══ EXTRACTED RECORDS

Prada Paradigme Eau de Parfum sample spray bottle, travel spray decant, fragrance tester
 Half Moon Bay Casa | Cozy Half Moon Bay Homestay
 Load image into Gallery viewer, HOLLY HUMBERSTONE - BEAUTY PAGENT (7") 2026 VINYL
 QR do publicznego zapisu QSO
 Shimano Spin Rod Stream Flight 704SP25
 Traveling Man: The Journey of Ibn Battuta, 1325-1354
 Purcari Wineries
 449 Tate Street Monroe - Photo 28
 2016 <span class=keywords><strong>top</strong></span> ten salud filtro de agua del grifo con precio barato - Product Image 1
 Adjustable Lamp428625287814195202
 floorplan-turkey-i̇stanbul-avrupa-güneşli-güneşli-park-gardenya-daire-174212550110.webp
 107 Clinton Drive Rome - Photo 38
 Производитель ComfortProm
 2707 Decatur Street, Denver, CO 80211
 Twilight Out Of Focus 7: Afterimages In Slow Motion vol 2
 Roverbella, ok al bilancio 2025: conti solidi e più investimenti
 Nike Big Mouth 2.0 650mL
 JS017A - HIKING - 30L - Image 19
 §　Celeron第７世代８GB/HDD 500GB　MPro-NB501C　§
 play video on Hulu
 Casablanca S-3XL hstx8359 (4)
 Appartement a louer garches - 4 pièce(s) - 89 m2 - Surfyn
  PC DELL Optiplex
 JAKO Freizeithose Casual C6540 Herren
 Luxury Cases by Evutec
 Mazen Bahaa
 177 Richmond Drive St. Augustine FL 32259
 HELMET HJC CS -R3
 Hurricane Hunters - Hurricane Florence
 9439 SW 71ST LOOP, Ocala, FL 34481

════

▸ **EXERCISE**
Your answer should consist of the lines above that hold the word "Photo", copied exactly.

▸ **EXERCISE ANSWER**
 449 Tate Street Monroe - Photo 28
 107 Clinton Drive Rome - Photo 38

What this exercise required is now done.